Applications and perspectives

This report constitutes a proof of principle on the feasibility and use of literature profiling for high-throughput research. Although room exists for improvements in indexing, filtering and clustering strategies, the methodology described provides a blueprint for the development of computational tools that can rapidly assess literature content to guide the biological interpretation of complex expression data. Because this literature-mining technique analyzes data at a high level it is independent of the platform used by investigators (for example, spotted cDNA or high-density oligonucleotide arrays, protein arrays) and could find applications in both genomics and proteomics research.

In addition to providing help to explore large expression datasets, occurrence values displayed for certain terms in the format used in Figure 3 can be used to annotate large and complex lists of genes, providing readers with information on gene function. In our example, giving occurrence values for terms such as 'apoptosis', 'endothelial', 'interferon', 'inflammatory' 'chemoattractant' or 'histocompatibility' provides a 'naive' reader with insight into the function attributed in the literature to each of the listed genes.
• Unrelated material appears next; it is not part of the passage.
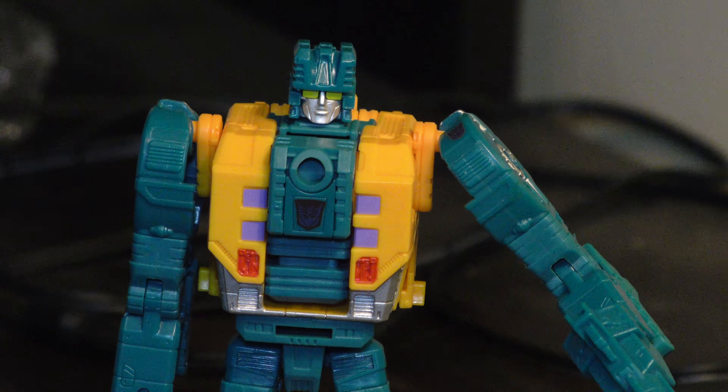Hello and welcome one more time to Rack's Transformers Collections. Today we have Power of the Primes Center Twin, member of Abominus.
Associating literature profiles with gene-expression data could be used for orienting gene discovery. It is believed that co-regulated genes share similar promoters and/or are involved in similar biological processes [1]. Using this principle of 'guilt by association', functions attributed to known genes can be inferred for unknown genes sharing similar expression profiles. In the first example used in this report (see Additional data files), many of the genes were identified using literature profiles as being related to 'interferon', 'virus' and 'infection', and thus it can be assumed that some of the genes and ESTs that were not included in the analysis from lack of literature (see Additional data files) are also associated with these terms. For instance, among the co-regulated ESTs is the 'Homo sapiens cig5 mRNA, partial sequence' (AF026941), which was obtained using differential display analysis to identify sequences for which transcription is induced following cytomegalovirus infection [39]. Another co-regulated but poorly studied gene is 'secreted and transmembrane 1' (U77643), which resembles a cytokine or growth factor in its broad structural characteristics [40]. This gene was later reported to be the ligand for the surface antigen CD7 and found to be capable of activating NK cells [41], which constitute the primary source of IFN-gamma during early responses to infection [42]. In both examples the link to 'interferon', 'virus' or 'infection' can only be suspected, but certainly deserves attention because these sequences are regulated together with genes known to be involved in the biology of interferons.

Conclusions

The sequencing of whole genomes and the introduction of technologies capable of measuring simultaneously the expression of thousands of genes provides biological research with a global perspective that opposes the trend over the past few decades of the narrowing into highly specialized research fields. But the optimal exploitation of these invaluable resources by researchers necessitates the development of mining tools to explore and interpret data in a time frame compatible with the impressive rate at which they are generated. Individual knowledge is built on associations made between the information we acquire from the literature. The method we describe here mimics this learning process by associating meaningful terms found in scientific publications to create a coherent picture of the relationships that exist within complex groups of genes. Because this analysis is performed independently of knowledge of gene function it provides a means of rapidly probing the biological significance of complex expression data in an unbiased fashion.